Ogni cosa, ogni emozione, ogni esperienza ha il suo tempo. Nell’era del tutto e subito, questo è un assunto che provoca pruriti, fastidi epidermici; perché nulla si può attendere, nulla vale la pena di aspettare che maturi. Nulla si legge nell’ottica del saper cogliere le cose della vita quando esse sono realmente là per noi.
La legge del desiderio imperante, del volere morbosamente per poi gettare via. Del desiderare quel che non si potrebbe (e spesso dovrebbe). Usare, utilizzare, godere velocemente, poi virare su un altro obiettivo. E poco importa, se proprio vogliamo edulcorare, quando ciò si declina su cose materiali; perché il problema si materializza quando ad essere oggetto di questo sono le persone.
Non sappiamo più aspettare
Abbiamo perso la capacità di vedere ”oltre”, di capire che il tempo spesso ha in serbo per noi la versione migliore delle cose; perché averle quando abbiamo l’età giusta, quando le condizioni sono giuste, quando tutto è in linea, fa tutta la differenza del mondo.

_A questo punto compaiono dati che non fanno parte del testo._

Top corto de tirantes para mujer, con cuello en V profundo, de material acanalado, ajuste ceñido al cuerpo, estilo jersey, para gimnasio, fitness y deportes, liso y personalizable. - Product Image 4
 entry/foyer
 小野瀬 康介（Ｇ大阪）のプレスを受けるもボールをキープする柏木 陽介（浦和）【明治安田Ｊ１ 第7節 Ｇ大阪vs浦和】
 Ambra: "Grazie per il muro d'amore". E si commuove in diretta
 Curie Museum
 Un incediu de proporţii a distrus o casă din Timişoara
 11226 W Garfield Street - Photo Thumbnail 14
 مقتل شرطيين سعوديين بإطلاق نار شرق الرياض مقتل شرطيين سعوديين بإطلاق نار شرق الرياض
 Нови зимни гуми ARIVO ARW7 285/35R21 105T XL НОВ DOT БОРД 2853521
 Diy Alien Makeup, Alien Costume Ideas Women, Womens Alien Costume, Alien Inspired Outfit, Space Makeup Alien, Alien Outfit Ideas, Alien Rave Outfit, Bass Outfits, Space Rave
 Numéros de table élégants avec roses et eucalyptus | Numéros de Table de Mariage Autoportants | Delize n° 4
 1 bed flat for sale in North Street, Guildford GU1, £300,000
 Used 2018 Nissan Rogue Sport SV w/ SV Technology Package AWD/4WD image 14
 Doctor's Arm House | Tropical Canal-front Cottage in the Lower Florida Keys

Specie se questo tempo ci aiuta a capire. A leggere fra le righe delle decisioni che dovremmo prendere e di quelle che non dovremmo prendere. Ad osservare e valutare se, realmente, quel sogno o desiderio ha le potenzialità per divenire la realtà che ci siamo immaginati.
Non sappiamo più aspettare. Non aspettiamo più le occasioni giuste, non aspettiamo più le persone giuste. Semplicemente le vogliamo morbosamente, perché abbiamo negli occhi e nel cervello la falsa sensazione ormai radicata che tutto si può avere. Subito e senza conseguenze se poi ci stanchiamo o procuriamo qualche danno.
Il dono che non dovremmo mai smarrire
Ma nell’era del tutto e subito, dell’immagine delle emozioni che non lascia nulla, nei giorni dell’amicizia e dell’amore virtuale, c’è un dono che non dovremmo mai smarrire: la capacità di aspettare. La voglia di accarezzare il tempo sapendo che esso, prima o dopo, ci porrà silenziosamente dove dovremo essere. E con chi dovremo essere. La forza di non ascoltare la ingorda bramosia che la realtà esterna costantemente ci instilla. E che, il più delle volte, ci spinge come inconsapevoli robot desideranti ad usare. Qualsiasi cosa, chiunque. Finendo per usare, a lungo andare, anche noi stessi.